Permítaseme un tono un tanto vehemente; desde hace cosa de dos años vivo, intelectualmente hablando, en una fase de desengaño y autocrítica salvaje (aunque sólo más recientemente ello se está plasmando en forma escrita), y matar a tu propio yo –no ya “al Padre”– de los últimos quince años es una catarsis muy dolorosa que no pude llevarse a cabo con delicadeza. Hay que amputar trozos de uno mismo, lo cual exige una gran dureza. Todo lo que digo a continuación, aparentemente de otros, lo estoy diciendo en realidad de mí mismo, del yo que he sido durante estos años y que estoy intentando dejar de ser.

Mi formación filosófica, en la Complutense, fue básicamente idealista. Es lo que predomina allí. Estuvo basada fundamentalmente en un núcleo teórico duro consistente en el idealismo alemán, Nietzsche –autor en el cual me doctoré– y Heidegger. Aunque entonces hubiera argumentado con furor contra esta afirmación, y de hecho los expertos se llevarían las manos a la cabeza al oírla, ahora veo con claridad meridiana que todo eso es lo mismo: idealismo alemán. Da igual lo mucho que Nietzsche o Heidegger hayan criticado a sus predecesores intelectuales; ellos pertenecen a la misma corriente. Se puede matizar y hablar de neo- o tardoidealismo, pero la cosa no cambia mucho. Y toda la filosofía que ha venido después y bebe de uno u otro de estos autores –o sea, casi toda la tradición continental–, es igualmente idealista, aunque no se quiera reconocer tal: la hermenéutica y la posmodernidad (como, por supuesto, la fenomenología) son formas de idealismo. Un discurso teórico que cree la teoría una esfera independiente de la realidad y poseedora de una serie de derechos, por no decir privilegios, sobre el conocimiento empírico y la praxis.

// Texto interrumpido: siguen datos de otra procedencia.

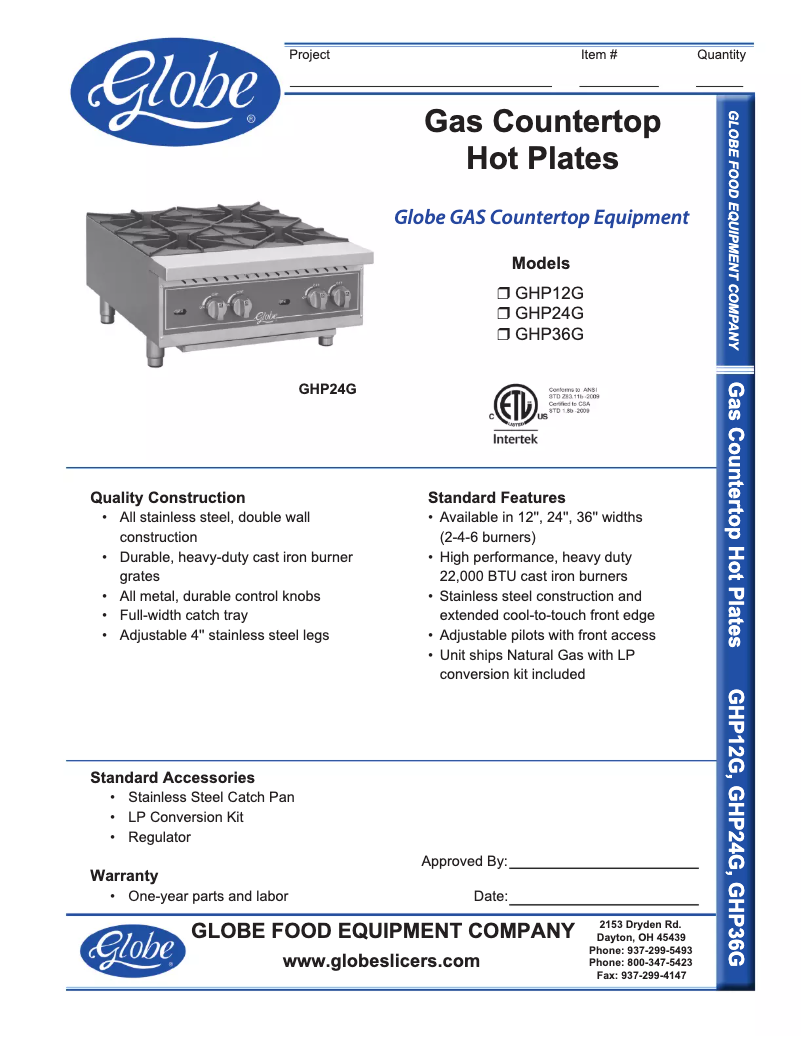 Image de la première page du manuel de l'appareil GHP12G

Un discurso que, de tanto no querer descender a lo empírico y concreto, al final es un discurso sobre nada, sobre la nada (como se hace explícito en Heidegger); o es una mera reflexión sobre la historia de la filosofía (una metahistoria que se alimenta de sí misma y se toma como contenido para tener algo que decir, como podemos ver en Gadamer); o peor aún, una reflexión sobre su escritura, estilo, tropos y demás, o sea, sobre el modo en que se construye un discurso que en el fondo no deja de ser un género literario (así, Derrida). Al final, cuando uno hace un balance honesto de lo que sabe, se da cuenta de que no sabe nada, de que esa filosofía sólo habla acerca de la filosofía (da igual que la critique, deconstruya, de que haga su arqueología, etc.), protegida –pero a la vez atrapada– en una cómoda atalaya desde la que contemplar un mundo que le interesa tan poco como ella a él.

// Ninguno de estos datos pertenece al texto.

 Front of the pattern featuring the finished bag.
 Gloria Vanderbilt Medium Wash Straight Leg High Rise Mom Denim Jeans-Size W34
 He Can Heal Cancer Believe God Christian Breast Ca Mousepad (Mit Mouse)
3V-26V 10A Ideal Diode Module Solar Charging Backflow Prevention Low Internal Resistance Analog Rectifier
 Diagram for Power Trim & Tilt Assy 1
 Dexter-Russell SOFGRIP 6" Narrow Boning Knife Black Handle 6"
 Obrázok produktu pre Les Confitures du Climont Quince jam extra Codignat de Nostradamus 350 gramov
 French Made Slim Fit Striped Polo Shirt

Yo fui un cumplido estudioso de esos autores durante un largo período que ahora sólo puedo denominar mi “adolescencia intelectual”, la cual, desgraciadamente, dura bastante más que la otra. El final de los grandes relatos, la crisis de la representación y la fundamentación, y la consumación de la metafísica (entendida como violencia discursiva que satura el horizonte del sentido imponiendo un conjunto de significaciones como “la Verdad” en perjuicio de otras interpretaciones, entre ellas, cómo no, las estéticas, que supondrían una apertura de nuestros horizontes intelectuales) eran –y supongo que debería decir “son”– mi especialidad, aunque he terminado detestando esos enfoques y, en lo personal, retractándome de casi todo lo que pude decir o escribir hace una década e incluso hace mucho menos. De hecho, lo escrito es estas páginas es prueba de esa evolución intelectual mucho más que mis artículos publicados. Actualmente me considero un materialista (aunque no en el más ortodoxo de los sentidos) y creo que los discursos acerca del fin de las ideologías no son otra cosa que ideología, conscientemente o no liberal o conservadora –siendo considerados el liberalismo y/o el conservadurismo estados de “normalidad”–, que justifica el statu quo que ahora, con la crisis mundial, se ha desintegrado. De hecho, los enfoques que se definen sin más como “hermenéuticos” o “posmodernos” me parecen lenguajes privados para que profesores universitarios que no quieren ocuparse de los problemas reales del mundo y que en general no saben nada de ciencias naturales ni sociales, justifiquen sus publicaciones y participaciones en congresos.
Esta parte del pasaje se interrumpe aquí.